| What the task requires |
Give back exactly the lines of the entries below from the line with "RafaelHarvey3's tweet image." to the line with "Blistex Raspberry Lemonade", inclusive, and only those.

BEGIN

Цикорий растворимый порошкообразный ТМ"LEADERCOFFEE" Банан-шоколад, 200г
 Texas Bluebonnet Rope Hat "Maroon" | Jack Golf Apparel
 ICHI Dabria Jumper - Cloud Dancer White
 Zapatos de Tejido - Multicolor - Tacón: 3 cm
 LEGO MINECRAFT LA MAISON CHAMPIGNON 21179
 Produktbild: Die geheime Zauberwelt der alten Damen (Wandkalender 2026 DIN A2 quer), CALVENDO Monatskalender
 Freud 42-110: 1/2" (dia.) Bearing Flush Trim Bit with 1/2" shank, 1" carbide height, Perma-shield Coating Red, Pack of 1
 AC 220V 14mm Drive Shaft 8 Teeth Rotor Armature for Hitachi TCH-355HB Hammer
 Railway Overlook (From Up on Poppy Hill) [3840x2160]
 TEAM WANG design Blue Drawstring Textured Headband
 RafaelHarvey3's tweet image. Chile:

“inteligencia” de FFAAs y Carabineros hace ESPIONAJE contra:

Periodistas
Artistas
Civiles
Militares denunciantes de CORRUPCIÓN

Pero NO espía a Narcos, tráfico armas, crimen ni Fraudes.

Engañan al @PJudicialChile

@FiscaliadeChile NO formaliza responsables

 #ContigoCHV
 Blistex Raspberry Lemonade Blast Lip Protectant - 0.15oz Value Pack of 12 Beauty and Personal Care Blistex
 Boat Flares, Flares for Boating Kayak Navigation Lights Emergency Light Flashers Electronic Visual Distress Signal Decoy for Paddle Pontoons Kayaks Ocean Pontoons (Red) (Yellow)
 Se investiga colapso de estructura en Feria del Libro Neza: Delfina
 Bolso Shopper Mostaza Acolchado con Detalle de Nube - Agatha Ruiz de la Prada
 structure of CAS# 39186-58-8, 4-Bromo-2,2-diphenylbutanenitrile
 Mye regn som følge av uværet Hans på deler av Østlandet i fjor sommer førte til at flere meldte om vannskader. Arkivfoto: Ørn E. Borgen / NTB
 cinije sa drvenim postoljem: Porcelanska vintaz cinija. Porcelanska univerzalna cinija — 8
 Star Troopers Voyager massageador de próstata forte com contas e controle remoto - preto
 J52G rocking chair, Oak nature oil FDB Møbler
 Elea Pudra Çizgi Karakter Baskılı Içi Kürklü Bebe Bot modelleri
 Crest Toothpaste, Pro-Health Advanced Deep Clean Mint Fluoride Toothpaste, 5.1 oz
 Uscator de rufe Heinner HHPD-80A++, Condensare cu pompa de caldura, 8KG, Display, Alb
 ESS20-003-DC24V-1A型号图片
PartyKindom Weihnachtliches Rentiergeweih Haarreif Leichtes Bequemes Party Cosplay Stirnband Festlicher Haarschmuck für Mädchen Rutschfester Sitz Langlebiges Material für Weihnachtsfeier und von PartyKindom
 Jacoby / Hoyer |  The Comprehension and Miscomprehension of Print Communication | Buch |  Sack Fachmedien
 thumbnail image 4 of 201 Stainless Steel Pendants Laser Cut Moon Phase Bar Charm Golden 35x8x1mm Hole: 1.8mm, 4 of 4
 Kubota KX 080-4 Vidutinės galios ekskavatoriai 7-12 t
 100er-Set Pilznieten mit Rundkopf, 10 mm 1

END

| Answer space |
 RafaelHarvey3's tweet image. Chile:

“inteligencia” de FFAAs y Carabineros hace ESPIONAJE contra:

Periodistas
Artistas
Civiles
Militares denunciantes de CORRUPCIÓN

Pero NO espía a Narcos, tráfico armas, crimen ni Fraudes.

Engañan al @PJudicialChile

@FiscaliadeChile NO formaliza responsables

 #ContigoCHV
 Blistex Raspberry Lemonade Blast Lip Protectant - 0.15oz Value Pack of 12 Beauty and Personal Care Blistex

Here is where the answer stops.